## Chemistry: The Molecular Science (5th Edition)

Acid and base used to form this ion, respectively, : $H_3PO_4$ and $Mg(OH)_2$, Complete ionic equation: $2H_3PO_4(aq) + 3Mg(OH)_2(s) -- \gt Mg_3(PO_4)_2 + 6H_2O(l)$ Net ionic equation: $2H_3PO_4(aq) + 3Mg(OH)_2(s) -- \gt Mg_3(PO_4)_2 + 6H_2O(l)$
1. Identify the ions of the salt: $(Mg_3(PO_4)_2)$: $Mg^{2+}$ and $P{O_4}^{3-}$: To the cation, add hydroxide ions: $Mg(OH)_2$; this is the base. To the anion, add hydrogen ions: $H_3PO_4$; this is the acid. 2. Now, write the balanced overall equation between them, which is: $Acid + Base -- \gt Salt + Water$ We already have the salt, so: $H_3PO_4(aq) + Mg(OH)_2(s) -- \gt Mg_3PO_4(s) + H_2O(l)$ ** According to table 3.1, magnesium hydroxide and magnesium phosphate are not soluble in water.
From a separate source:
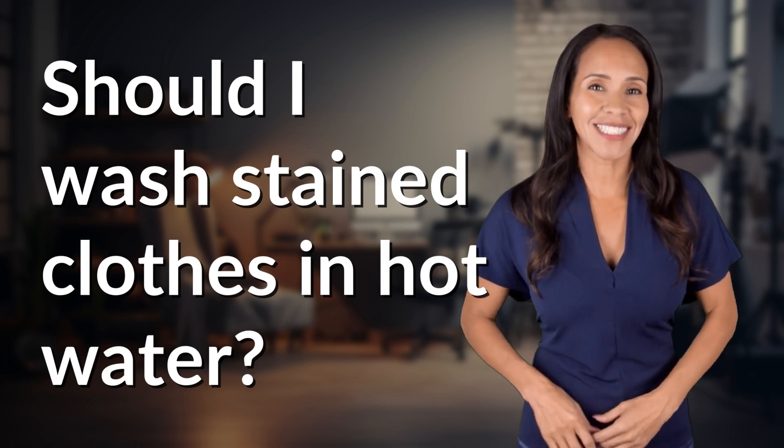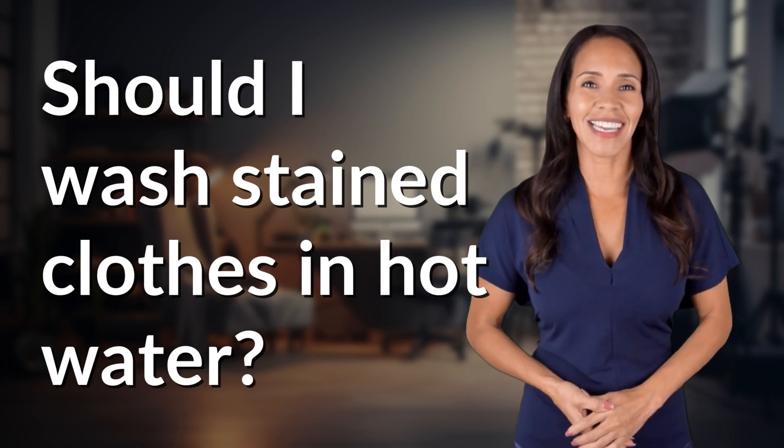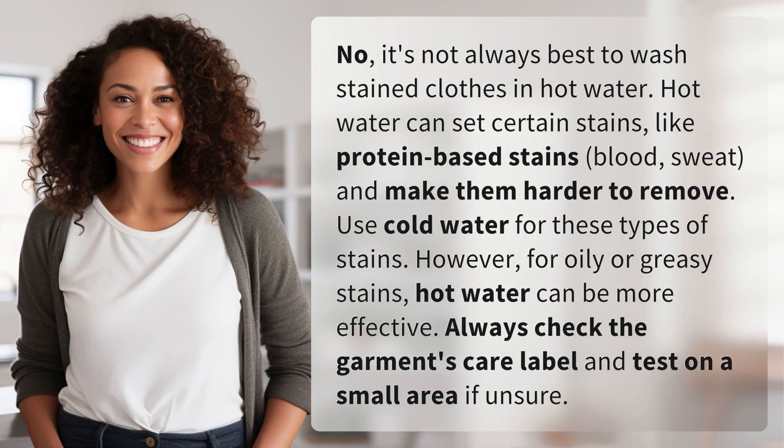Embark on a journey of curiosity with us. What fascinating questions are we exploring today? No, it's not always best to wash stained clothes in hot water.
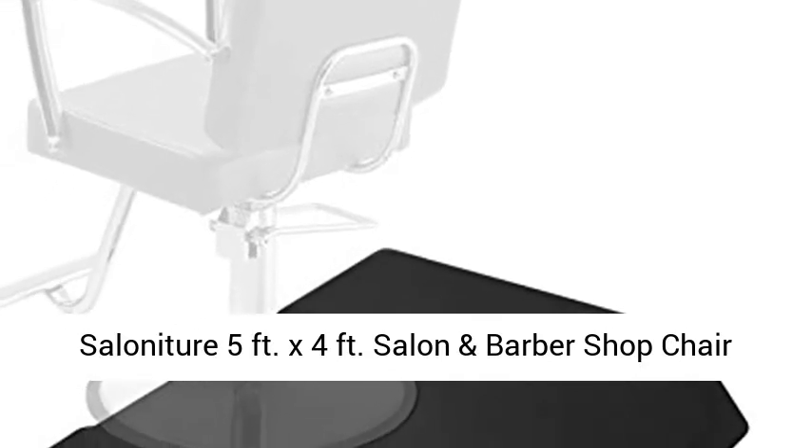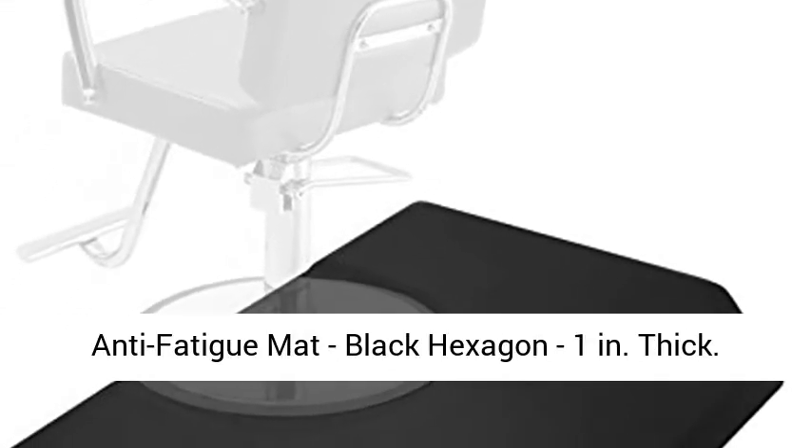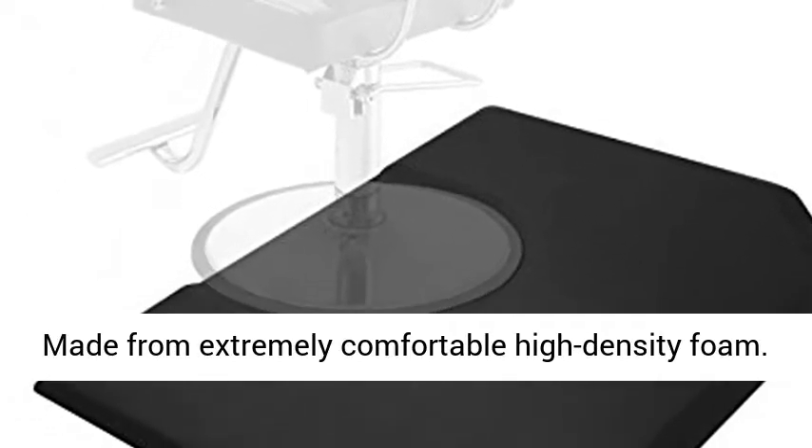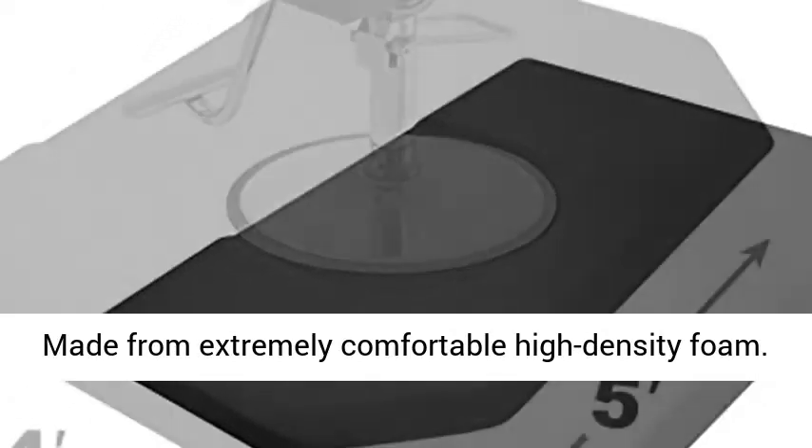Salonature 5 feet x 4 feet Salon and Barbershop Chair Anti-Fatigue Mat, Black Hexagon, 1 inch thick. Made from extremely comfortable high-density foam.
Balance the equation: $2H_3PO_4(aq) + 3Mg(OH)_2(s) -- \gt Mg_3PO_4(s) + 6H_2O(l)$ 3. Write the complete ionic equation. - For the completely dissociated/ionized compounds, separate them by their ions: $2H_3PO_4(aq) + 3Mg(OH)_2(s) -- \gt Mg_3PO_4(s) + 6H_2O(l)$ * Phosporic acid is weak, so it is not completely dissociated in water. 4. Remove the repeated ions: $2H_3PO_4(aq) + 3Mg(OH)_2(s) -- \gt Mg_3PO_4(s) + 6H_2O(l)$ This is the net ionic equation.